The Board of Directors has determined that it is in the best interests of our shareholders to effect the Reverse Stock Split, and for our stockholders to approve the Amendment to the Company. The Reverse Stock Split would reduce the number of outstanding shares of our Class A and Class B Common Stock, both at a ratio of 1-for-10, namely one new share for each 10 old shares.
Information Relating to the Reverse Stock Split
Alpine 4's Board of Directors and our management believe that the Reverse Stock Split would be beneficial to and in the best interests of Alpine 4 and its shareholders because such action would reduce the number of shares outstanding and increase the potential initial trading price per share of our Class A Common Stock. As we have previously disclosed, we are working with our advisors to complete the process with the Financial Industry Regulatory Authority ("FINRA") to have our Class A Common Stock begin trading. Our advisors, including our market maker, MCAP, LLC, and our investor relations firm, DresnerAllenCaron, have recommended that we reduce the total outstanding shares of the Class A Common Stock prior to their beginning to trade publicly.
Our Board of Directors has reviewed different ratios of reverse splits, evaluating the potential impacts of each, as well as benefits and potential negative impacts on the Company, and has determined it to be in the best interest of the Company and its shareholders to implement the Reverse Stock Split of our Class A and Class B Common Stock at a ratio of 1-for-10 (1 new share for each 10 old shares), and to recommend this ratio to the shareholders of the Company for their approval.
If the holders of a majority of the Company's Class A and Class B Common Stock that vote on the Proposal vote to approve the Reverse Stock Split, the Board of Directors intends to implement the Reverse Stock Split by filing a Certificate of Amendment to the Company's Certificate of Incorporation with the Delaware Secretary of State. Upon effectiveness of the filing of the Certificate of Amendment, every ten shares of the issued and outstanding Alpine 4 Class A and Class B Common Stock will be automatically converted into one issued and outstanding share of Class A or Class B Common Stock, respectively, with no change in par value per share.
The Reverse Stock Split affects all shares of the Company's Class A and Class B Common Stock outstanding, but will not effect the authorized but unissued shares of Class A or Class B Common Stock available for issuance under the Certificate of Incorporation as amended to date. As a result, each stockholder's percentage ownership interest and proportional voting power remains unchanged, and the rights and privileges of the holders of the Company's Class A and Class B Common Stock are unaffected. Additionally, the conversion prices of the Company's outstanding convertible notes would be adjusted at the same ratio as that of the Reverse Stock Split, pursuant to the terms of the convertible notes.

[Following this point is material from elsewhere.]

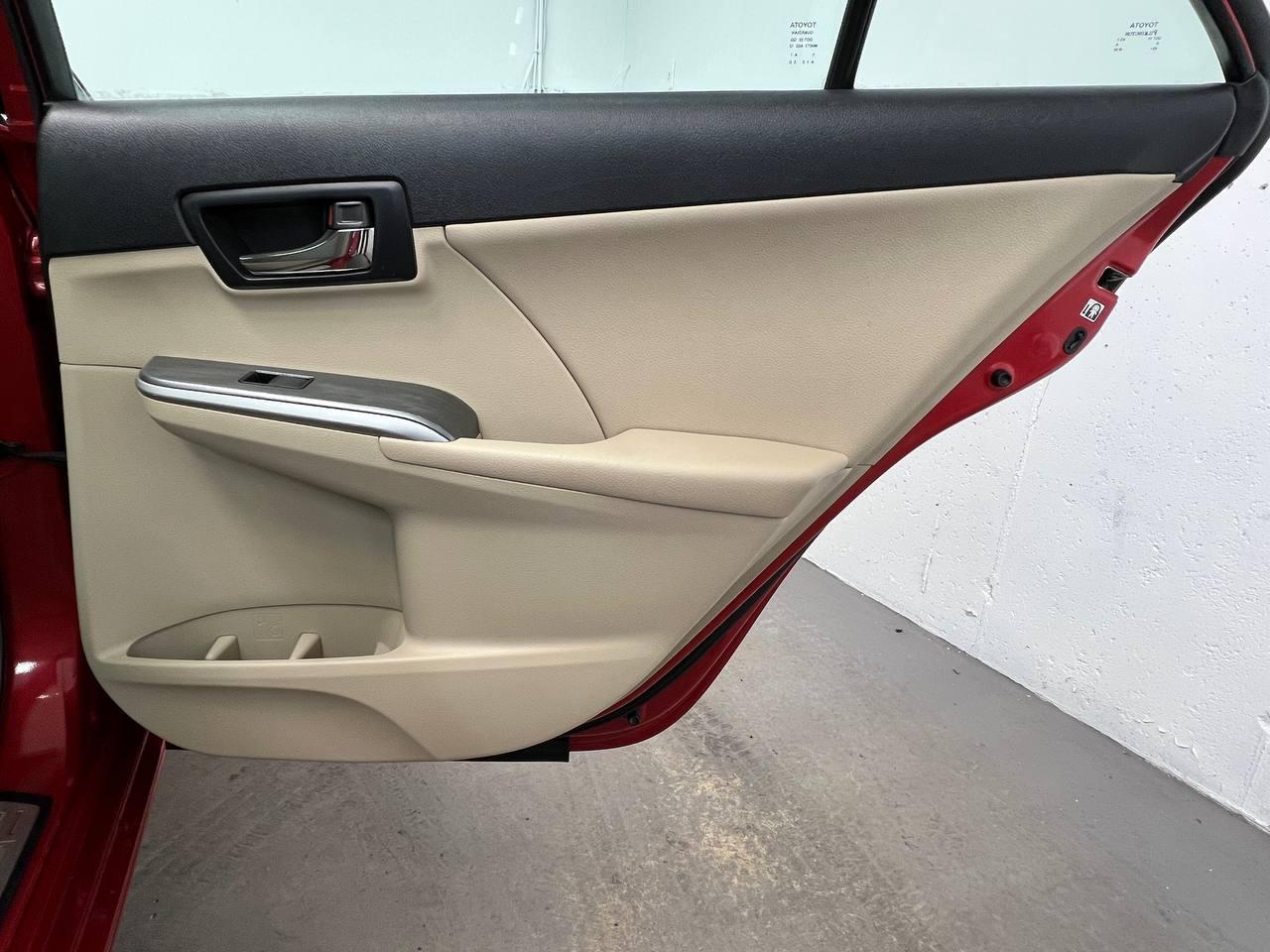 Toyota Camry Hybrid XLE 2012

Background and Rationale for the Reverse Stock Split
As noted, our Board met with our market maker and our investor relations firm in connection with preparing our submission to FINRA. During that meeting, the Board discussed several issues related to the number of shares that we have outstanding, the effect of that many shares outstanding and the perception in the market place, and how the large number of shares will affect our share price in the open market. The overall opinion given to the Board was that the number of shares we have outstanding would not be received well in the open market, and therefore our advisors have recommended that the Company do the Reverse Stock Split.
Based on the discussions with our advisors, the Board believes that the Reverse Split should result in a higher initial market price, once we complete the process of having our Class A Common Stock begin trading. Additionally, a higher price could make it easier for us to raise capital when needed, and make us more attractive to potential institutional and larger investors who generally do not invest in "penny stocks," shares that trade below $5.00.
In approving the Reverse Stock Split, the Board of Directors considered that without the Reverse Stock Split, once our Class A Common Stock begins trading, it might not appeal to brokerage firms that are reluctant to recommend lower priced securities to their clients. Investors could also be dissuaded from purchasing lower priced stocks because the brokerage commissions, as a percentage of the total transaction, tend to be higher for such stocks. Moreover, the analysts at many brokerage firms do not monitor the trading activity or otherwise provide coverage of lower priced stocks.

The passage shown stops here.